_WORK TO COMPLETE_
Write out exactly, and only, the lines below from the line with "Jedes jahr werden" through the line with "โรคด่างขาว (Vitiligo) คืออะไร"; pictures do not belong in the copy.

_SUPPLIED RECORDS_
________________________
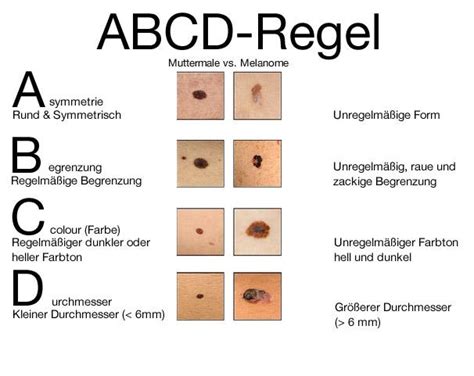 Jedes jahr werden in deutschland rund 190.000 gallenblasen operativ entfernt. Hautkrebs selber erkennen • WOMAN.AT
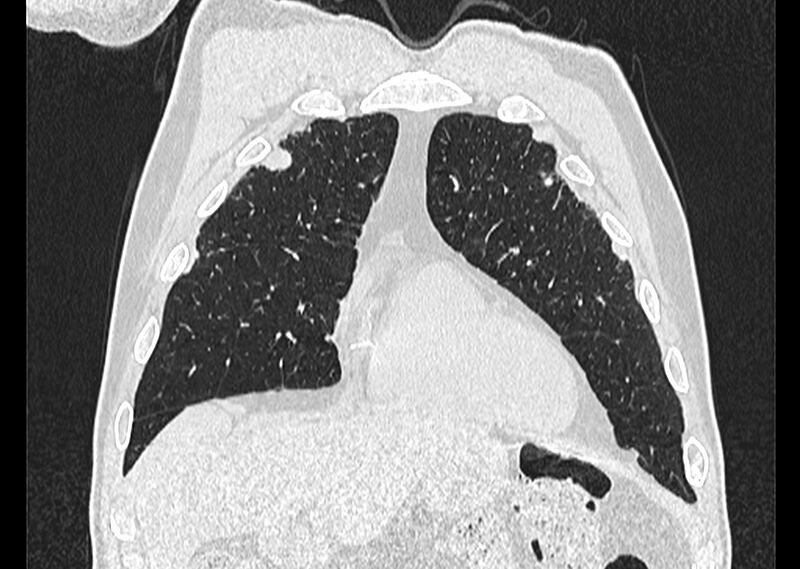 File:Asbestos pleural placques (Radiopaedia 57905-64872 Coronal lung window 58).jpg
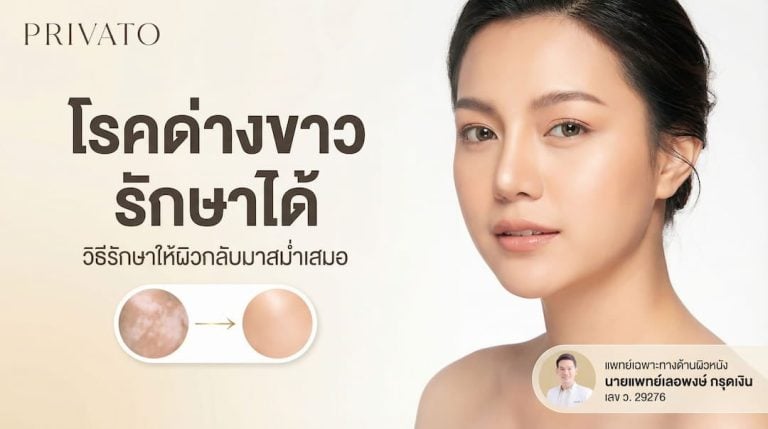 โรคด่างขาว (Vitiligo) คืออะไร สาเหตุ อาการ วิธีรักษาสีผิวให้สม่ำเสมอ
________________________
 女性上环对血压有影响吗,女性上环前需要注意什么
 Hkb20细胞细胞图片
________________________
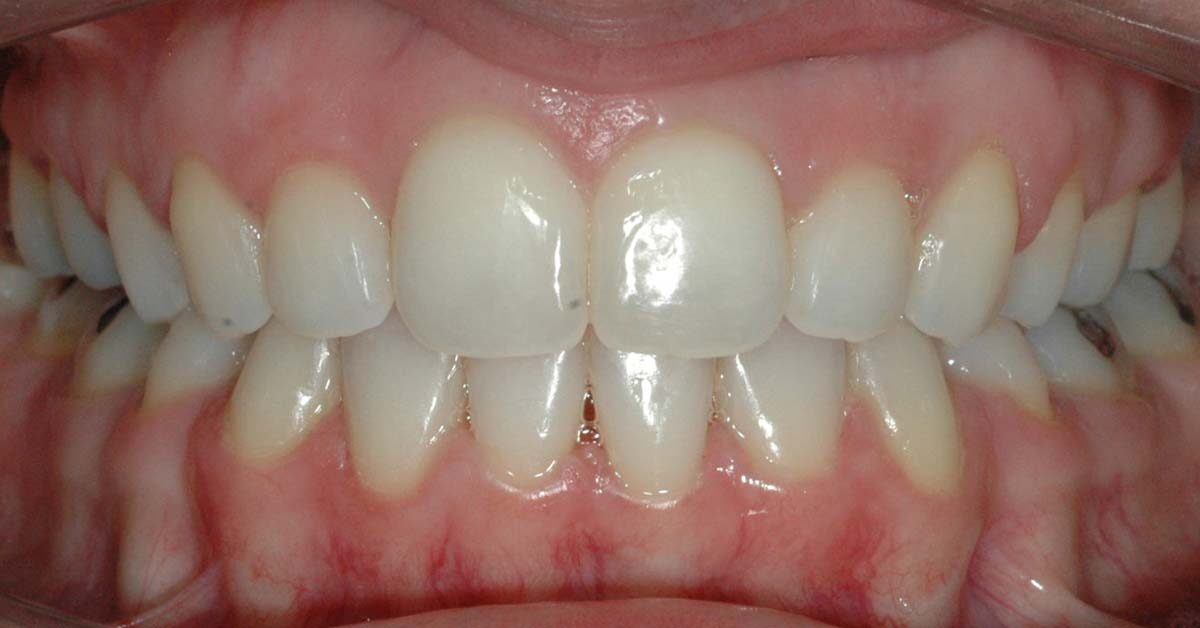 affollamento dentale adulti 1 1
________________________
_WRITTEN ANSWER_
 Jedes jahr werden in deutschland rund 190.000 gallenblasen operativ entfernt. Hautkrebs selber erkennen • WOMAN.AT
 File:Asbestos pleural placques (Radiopaedia 57905-64872 Coronal lung window 58).jpg
 โรคด่างขาว (Vitiligo) คืออะไร สาเหตุ อาการ วิธีรักษาสีผิวให้สม่ำเสมอ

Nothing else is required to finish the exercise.